__Task requirements__
Print each entry below precisely as shown.
Records for processing START
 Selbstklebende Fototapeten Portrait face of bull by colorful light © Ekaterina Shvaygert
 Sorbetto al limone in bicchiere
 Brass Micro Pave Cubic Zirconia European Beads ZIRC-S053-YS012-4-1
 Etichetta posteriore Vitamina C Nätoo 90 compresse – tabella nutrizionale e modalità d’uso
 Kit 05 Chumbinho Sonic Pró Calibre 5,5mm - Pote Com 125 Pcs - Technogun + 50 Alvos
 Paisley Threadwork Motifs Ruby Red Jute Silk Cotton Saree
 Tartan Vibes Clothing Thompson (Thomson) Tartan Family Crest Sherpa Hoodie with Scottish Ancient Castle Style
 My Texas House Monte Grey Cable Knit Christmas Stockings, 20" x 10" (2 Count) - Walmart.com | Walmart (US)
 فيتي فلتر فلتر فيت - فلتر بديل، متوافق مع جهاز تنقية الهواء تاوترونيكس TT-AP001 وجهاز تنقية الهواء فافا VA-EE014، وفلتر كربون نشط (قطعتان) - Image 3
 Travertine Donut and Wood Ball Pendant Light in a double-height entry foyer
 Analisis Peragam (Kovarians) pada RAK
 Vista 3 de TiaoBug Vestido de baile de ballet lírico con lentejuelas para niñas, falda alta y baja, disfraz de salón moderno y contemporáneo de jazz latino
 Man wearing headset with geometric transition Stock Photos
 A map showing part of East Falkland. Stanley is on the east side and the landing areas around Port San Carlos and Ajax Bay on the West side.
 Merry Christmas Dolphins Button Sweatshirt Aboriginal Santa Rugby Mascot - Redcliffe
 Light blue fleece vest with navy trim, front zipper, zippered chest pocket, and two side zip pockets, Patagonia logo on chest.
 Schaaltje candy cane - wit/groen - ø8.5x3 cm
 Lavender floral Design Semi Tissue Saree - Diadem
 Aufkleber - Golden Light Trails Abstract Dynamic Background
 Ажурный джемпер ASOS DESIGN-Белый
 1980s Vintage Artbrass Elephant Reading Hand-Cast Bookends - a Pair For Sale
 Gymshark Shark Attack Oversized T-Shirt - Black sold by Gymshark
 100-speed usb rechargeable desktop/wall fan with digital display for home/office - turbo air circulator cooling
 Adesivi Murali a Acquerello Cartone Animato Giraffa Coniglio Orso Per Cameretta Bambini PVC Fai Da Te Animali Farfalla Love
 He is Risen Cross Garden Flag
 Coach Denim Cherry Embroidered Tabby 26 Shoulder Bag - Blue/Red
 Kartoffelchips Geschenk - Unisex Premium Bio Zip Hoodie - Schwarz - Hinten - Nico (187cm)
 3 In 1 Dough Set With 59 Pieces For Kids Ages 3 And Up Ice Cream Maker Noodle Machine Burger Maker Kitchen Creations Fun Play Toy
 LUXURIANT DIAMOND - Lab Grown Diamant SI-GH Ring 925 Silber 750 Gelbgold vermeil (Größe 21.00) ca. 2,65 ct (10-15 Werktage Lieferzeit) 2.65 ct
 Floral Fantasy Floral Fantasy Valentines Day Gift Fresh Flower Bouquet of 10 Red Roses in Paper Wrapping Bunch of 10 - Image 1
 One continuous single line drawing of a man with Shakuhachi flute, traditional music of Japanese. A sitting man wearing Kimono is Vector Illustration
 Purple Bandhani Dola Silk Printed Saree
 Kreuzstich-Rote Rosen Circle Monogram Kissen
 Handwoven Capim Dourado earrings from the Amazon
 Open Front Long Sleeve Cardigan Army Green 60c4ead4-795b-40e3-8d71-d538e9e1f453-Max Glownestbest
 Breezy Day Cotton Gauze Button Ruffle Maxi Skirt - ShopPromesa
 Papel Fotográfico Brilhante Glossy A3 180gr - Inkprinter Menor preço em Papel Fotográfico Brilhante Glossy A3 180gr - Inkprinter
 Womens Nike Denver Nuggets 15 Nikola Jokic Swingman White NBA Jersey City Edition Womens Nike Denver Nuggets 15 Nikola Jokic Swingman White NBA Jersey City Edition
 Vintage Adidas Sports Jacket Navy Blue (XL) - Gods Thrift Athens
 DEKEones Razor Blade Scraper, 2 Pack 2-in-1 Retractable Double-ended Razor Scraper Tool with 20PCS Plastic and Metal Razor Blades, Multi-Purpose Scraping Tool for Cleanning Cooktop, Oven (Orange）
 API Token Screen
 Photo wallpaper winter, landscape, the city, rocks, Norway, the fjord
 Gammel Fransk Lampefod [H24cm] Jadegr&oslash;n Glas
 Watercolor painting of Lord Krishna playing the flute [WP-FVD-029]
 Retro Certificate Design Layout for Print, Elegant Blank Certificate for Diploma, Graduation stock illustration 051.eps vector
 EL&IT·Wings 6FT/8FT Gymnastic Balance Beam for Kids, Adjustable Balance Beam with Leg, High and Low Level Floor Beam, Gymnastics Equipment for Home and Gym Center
Records for processing END
__Response to this exercise__
 Selbstklebende Fototapeten Portrait face of bull by colorful light © Ekaterina Shvaygert
 Sorbetto al limone in bicchiere
 Brass Micro Pave Cubic Zirconia European Beads ZIRC-S053-YS012-4-1
 Etichetta posteriore Vitamina C Nätoo 90 compresse – tabella nutrizionale e modalità d’uso
 Kit 05 Chumbinho Sonic Pró Calibre 5,5mm - Pote Com 125 Pcs - Technogun + 50 Alvos
 Paisley Threadwork Motifs Ruby Red Jute Silk Cotton Saree
 Tartan Vibes Clothing Thompson (Thomson) Tartan Family Crest Sherpa Hoodie with Scottish Ancient Castle Style
 My Texas House Monte Grey Cable Knit Christmas Stockings, 20" x 10" (2 Count) - Walmart.com | Walmart (US)
 فيتي فلتر فلتر فيت - فلتر بديل، متوافق مع جهاز تنقية الهواء تاوترونيكس TT-AP001 وجهاز تنقية الهواء فافا VA-EE014، وفلتر كربون نشط (قطعتان) - Image 3
 Travertine Donut and Wood Ball Pendant Light in a double-height entry foyer
 Analisis Peragam (Kovarians) pada RAK
 Vista 3 de TiaoBug Vestido de baile de ballet lírico con lentejuelas para niñas, falda alta y baja, disfraz de salón moderno y contemporáneo de jazz latino
 Man wearing headset with geometric transition Stock Photos
 A map showing part of East Falkland. Stanley is on the east side and the landing areas around Port San Carlos and Ajax Bay on the West side.
 Merry Christmas Dolphins Button Sweatshirt Aboriginal Santa Rugby Mascot - Redcliffe
 Light blue fleece vest with navy trim, front zipper, zippered chest pocket, and two side zip pockets, Patagonia logo on chest.
 Schaaltje candy cane - wit/groen - ø8.5x3 cm
 Lavender floral Design Semi Tissue Saree - Diadem
 Aufkleber - Golden Light Trails Abstract Dynamic Background
 Ажурный джемпер ASOS DESIGN-Белый
 1980s Vintage Artbrass Elephant Reading Hand-Cast Bookends - a Pair For Sale
 Gymshark Shark Attack Oversized T-Shirt - Black sold by Gymshark
 100-speed usb rechargeable desktop/wall fan with digital display for home/office - turbo air circulator cooling
 Adesivi Murali a Acquerello Cartone Animato Giraffa Coniglio Orso Per Cameretta Bambini PVC Fai Da Te Animali Farfalla Love
 He is Risen Cross Garden Flag
 Coach Denim Cherry Embroidered Tabby 26 Shoulder Bag - Blue/Red
 Kartoffelchips Geschenk - Unisex Premium Bio Zip Hoodie - Schwarz - Hinten - Nico (187cm)
 3 In 1 Dough Set With 59 Pieces For Kids Ages 3 And Up Ice Cream Maker Noodle Machine Burger Maker Kitchen Creations Fun Play Toy
 LUXURIANT DIAMOND - Lab Grown Diamant SI-GH Ring 925 Silber 750 Gelbgold vermeil (Größe 21.00) ca. 2,65 ct (10-15 Werktage Lieferzeit) 2.65 ct
 Floral Fantasy Floral Fantasy Valentines Day Gift Fresh Flower Bouquet of 10 Red Roses in Paper Wrapping Bunch of 10 - Image 1
 One continuous single line drawing of a man with Shakuhachi flute, traditional music of Japanese. A sitting man wearing Kimono is Vector Illustration
 Purple Bandhani Dola Silk Printed Saree
 Kreuzstich-Rote Rosen Circle Monogram Kissen
 Handwoven Capim Dourado earrings from the Amazon
 Open Front Long Sleeve Cardigan Army Green 60c4ead4-795b-40e3-8d71-d538e9e1f453-Max Glownestbest
 Breezy Day Cotton Gauze Button Ruffle Maxi Skirt - ShopPromesa
 Papel Fotográfico Brilhante Glossy A3 180gr - Inkprinter Menor preço em Papel Fotográfico Brilhante Glossy A3 180gr - Inkprinter
 Womens Nike Denver Nuggets 15 Nikola Jokic Swingman White NBA Jersey City Edition Womens Nike Denver Nuggets 15 Nikola Jokic Swingman White NBA Jersey City Edition
 Vintage Adidas Sports Jacket Navy Blue (XL) - Gods Thrift Athens
 DEKEones Razor Blade Scraper, 2 Pack 2-in-1 Retractable Double-ended Razor Scraper Tool with 20PCS Plastic and Metal Razor Blades, Multi-Purpose Scraping Tool for Cleanning Cooktop, Oven (Orange）
 API Token Screen
 Photo wallpaper winter, landscape, the city, rocks, Norway, the fjord
 Gammel Fransk Lampefod [H24cm] Jadegr&oslash;n Glas
 Watercolor painting of Lord Krishna playing the flute [WP-FVD-029]
 Retro Certificate Design Layout for Print, Elegant Blank Certificate for Diploma, Graduation stock illustration 051.eps vector
 EL&IT·Wings 6FT/8FT Gymnastic Balance Beam for Kids, Adjustable Balance Beam with Leg, High and Low Level Floor Beam, Gymnastics Equipment for Home and Gym Center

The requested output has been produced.